I guess the motivation behind the journal mentioned in the article.
He chose to publish one paper, fittingly, in the online journal PLoS Medicine, which is committed to running any methodologically sound article without regard to how “interesting” the results may be.
edit: though looking at the site, it doesn't seem to present itself with that motivation. It also costs $2900 to publish an article, so there's some financial hurdle to publishing.
The article presents it as if it was some big revelation in 2005, but I'm not sure it was as big as implied. I mean some of the specifics were, but I trained in my residency between 2000-2003, and we were very much trained to be skeptical of studies, and to question results. Evidence-based medicine was in strong force.
His model predicted, in different fields of medical research, rates of wrongness roughly corresponding to the observed rates at which findings were later convincingly refuted: 80 percent of non-randomized studies (by far the most common type) turn out to be wrong, as do 25 percent of supposedly gold-standard randomized trials, and as much as 10 percent of the platinum-standard large randomized trials.
Non-randomized studies are the most common, of course. They are the cheapest to perform by far. but whenever I read non-randomized study, I think "interesting" but realize it doesn't mean anything. Correlation does not equal causation. These non-randomized studies though are the ones that raise questions and possibilities that later fund/justify more costly randomized-controlled studies.
And something to be aware, which is perhaps part of the purpose of this article, is that there is a reporting/publishing bias.
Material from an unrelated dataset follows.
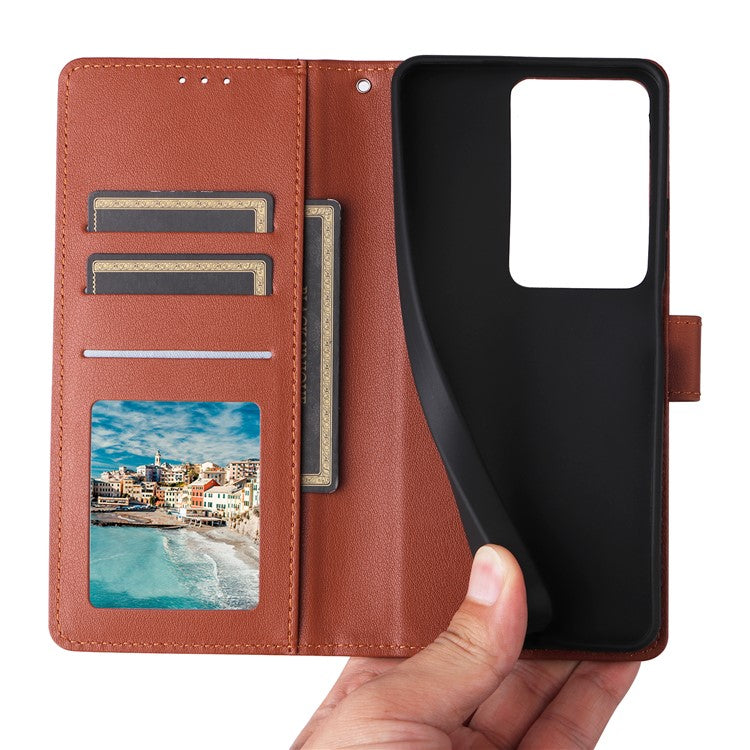 For Realme C75 / 14x 5G Case Wallet Stand View PU Leather Phone Cover - Brown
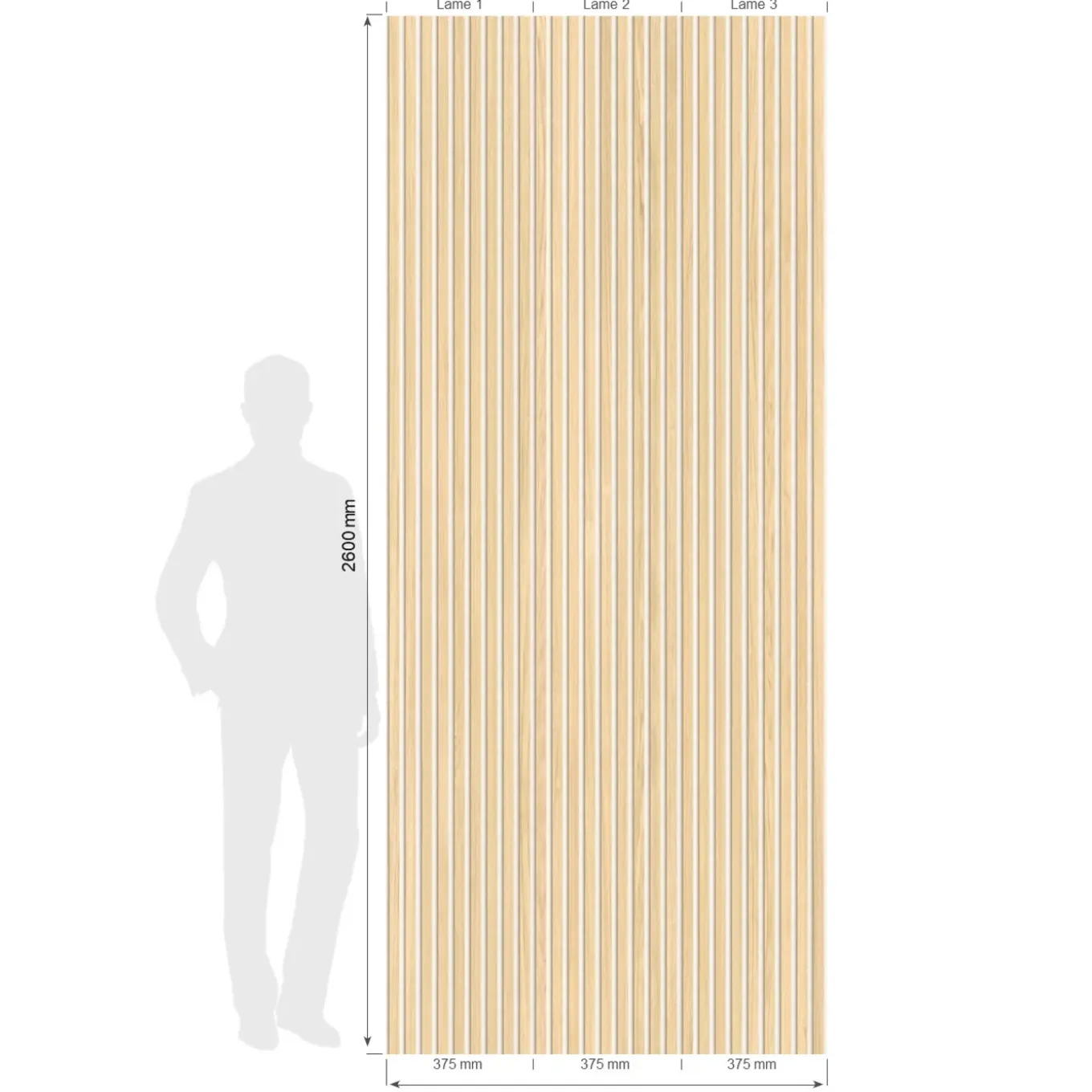 Grosfillex wandpaneel Linio - Element 3D effect - PVC - Bright Ash - 37,5x260cm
Negative and neutral results simply don't get reported in journals. You form a hypothesis, perform a study, and get negative results -- well, you're not going to try to publish it. Statistically speaking, there's going to be some bell curve distribution about the actual result. So let's say the actual result is "0" (no effect) for a drug or treatment. If you do enough studies, you'll get a few that fall on the positive side, which I presume is what accounts for some of the false positives.